I think it is just easier to show you what I have so far. I was expecting with two threads that the code would run about 2 times as fast. Measuring it with a stopwatch I think it runs about 6 times slower! EDIT: Now using the computer and clock() function to tell the time.

void findmean(std::vector<double>*, std::size_t, std::size_t, double*);


int main(int argn, char** argv)
{

    // Program entry point
    std::cout << "Generating data..." << std::endl;

    // Create a vector containing many variables
    std::vector<double> data;
    for(uint32_t i = 1; i <= 1024 * 1024 * 128; i ++) data.push_back(i);

    // Calculate mean using 1 core
    double mean = 0;
    std::cout << "Calculating mean, 1 Thread..." << std::endl;
    findmean(&data, 0, data.size(), &mean);
    mean /= (double)data.size();

    // Print result
    std::cout << "  Mean=" << mean << std::endl;

    // Repeat, using two threads
    std::vector<std::thread> thread;
    std::vector<double> result;
    result.push_back(0.0);
    result.push_back(0.0);
    std::cout << "Calculating mean, 2 Threads..." << std::endl;

    // Run threads
    uint32_t halfsize = data.size() / 2;
    uint32_t A = 0;
    uint32_t B, C, D;
    // Split the data into two blocks
    if(data.size() % 2 == 0)
    {
        B = C = D = halfsize;
    }
    else if(data.size() % 2 == 1)
    {
        B = C = halfsize;
        D = hsz + 1;
    }

    // Run with two threads
    thread.push_back(std::thread(findmean, &data, A, B, &(result[0])));
    thread.push_back(std::thread(findmean, &data, C, D , &(result[1])));

    // Join threads
    thread[0].join();
    thread[1].join();

    // Calculate result
    mean = result[0] + result[1];
    mean /= (double)data.size();

    // Print result
    std::cout << "  Mean=" << mean << std::endl;

    // Return
    return EXIT_SUCCESS;
}


void findmean(std::vector<double>* datavec, std::size_t start, std::size_t length, double* result)
{
    for(uint32_t i = 0; i < length; i ++) {
        *result += (*datavec).at(start + i);
    }
}

I don't think this code is exactly wonderful, if you could suggest ways of improving it then I would be grateful for that also.

Register Variable:

Several people have suggested making a local variable for the function 'findmean'. This is what I have done:

void findmean(std::vector<double>* datavec, std::size_t start, std::size_t length, double* result)
{
register double holding = *result;
for(uint32_t i = 0; i < length; i ++) {
    holding += (*datavec).at(start + i);
}
*result = holding;
}

I can now report: The code runs with almost the same execution time as with a single thread. That is a big improvement of 6x, but surely there must be a way to make it nearly twice as fast?
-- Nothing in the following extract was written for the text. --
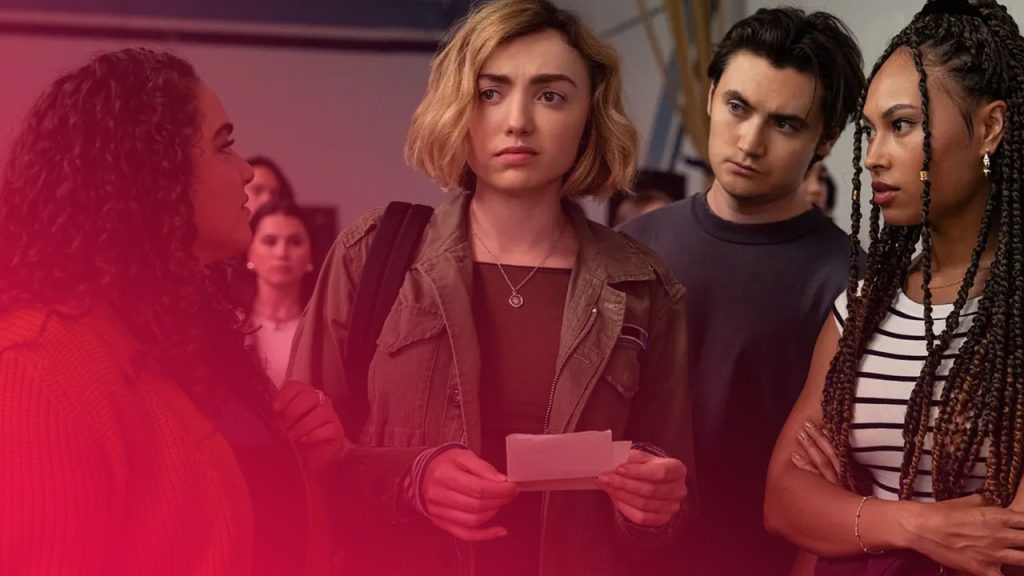 Vier junge Erwachsene stehen in einer heller beleuchteten Halle. Eine Frau mit blonden, kurzen Haaren und grüner Jacke hält einen Zettel und blickt besorgt. Links spricht eine Frau mit lockigem Haar zu ihr, rechts stehen eine Frau mit Zöpfen und ein Mann mit ernstem Gesichtsausdruck.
Register Variable and O2 Optimization:

I have set the optimization to 'O2' - I will create a table with the results.

Results so far:

Original Code with no optimization or register variable: 1 thread: 4.98 seconds, 2 threads: 29.59 seconds

Code with added register variable: 1 Thread: 4.76 seconds, 2 Threads: 4.76 seconds

With reg variable and -O2 optimization: 1 Thread: 0.43 seconds, 2 Threads: 0.6 seconds 2 Threads is now slower?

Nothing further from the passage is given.